## The problem
Below are the entries to work from; restate word for word the portion that opens with the line containing "Ra&scaron;iklis Microsoft Surface" and closes with the line containing "Victoria's Secret Bombshell", keeping both.

## Given records
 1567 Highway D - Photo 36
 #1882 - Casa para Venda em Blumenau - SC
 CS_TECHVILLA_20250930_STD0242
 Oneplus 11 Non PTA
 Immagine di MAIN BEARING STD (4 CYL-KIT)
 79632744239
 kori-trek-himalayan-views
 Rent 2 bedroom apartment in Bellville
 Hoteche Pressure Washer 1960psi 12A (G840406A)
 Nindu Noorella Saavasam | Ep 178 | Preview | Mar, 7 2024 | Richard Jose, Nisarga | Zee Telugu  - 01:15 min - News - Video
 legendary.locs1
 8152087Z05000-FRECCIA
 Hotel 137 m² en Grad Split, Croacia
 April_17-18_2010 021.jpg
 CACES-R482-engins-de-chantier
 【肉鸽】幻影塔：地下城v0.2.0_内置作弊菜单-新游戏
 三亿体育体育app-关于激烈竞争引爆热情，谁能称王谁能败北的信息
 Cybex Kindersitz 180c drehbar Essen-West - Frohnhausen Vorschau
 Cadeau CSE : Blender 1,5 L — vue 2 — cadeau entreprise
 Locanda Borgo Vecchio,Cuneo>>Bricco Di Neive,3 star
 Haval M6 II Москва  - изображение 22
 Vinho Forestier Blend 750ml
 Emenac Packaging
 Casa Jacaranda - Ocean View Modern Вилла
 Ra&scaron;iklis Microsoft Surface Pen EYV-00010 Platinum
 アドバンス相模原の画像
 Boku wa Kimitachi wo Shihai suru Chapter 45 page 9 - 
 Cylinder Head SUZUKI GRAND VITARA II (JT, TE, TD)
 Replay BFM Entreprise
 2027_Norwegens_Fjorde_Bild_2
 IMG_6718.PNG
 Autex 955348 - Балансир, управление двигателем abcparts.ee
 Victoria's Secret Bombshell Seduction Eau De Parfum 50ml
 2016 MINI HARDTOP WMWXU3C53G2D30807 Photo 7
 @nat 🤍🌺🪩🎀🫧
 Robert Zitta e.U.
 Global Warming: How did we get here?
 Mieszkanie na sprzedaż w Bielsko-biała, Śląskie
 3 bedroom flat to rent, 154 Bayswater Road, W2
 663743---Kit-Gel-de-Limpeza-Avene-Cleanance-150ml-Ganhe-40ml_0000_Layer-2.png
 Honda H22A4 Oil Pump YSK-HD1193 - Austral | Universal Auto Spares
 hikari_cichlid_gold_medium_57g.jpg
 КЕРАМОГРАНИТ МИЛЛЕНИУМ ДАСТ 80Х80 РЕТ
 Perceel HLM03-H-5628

## Result of the exercise
 Ra&scaron;iklis Microsoft Surface Pen EYV-00010 Platinum
 アドバンス相模原の画像
 Boku wa Kimitachi wo Shihai suru Chapter 45 page 9 - 
 Cylinder Head SUZUKI GRAND VITARA II (JT, TE, TD)
 Replay BFM Entreprise
 2027_Norwegens_Fjorde_Bild_2
 IMG_6718.PNG
 Autex 955348 - Балансир, управление двигателем abcparts.ee
 Victoria's Secret Bombshell Seduction Eau De Parfum 50ml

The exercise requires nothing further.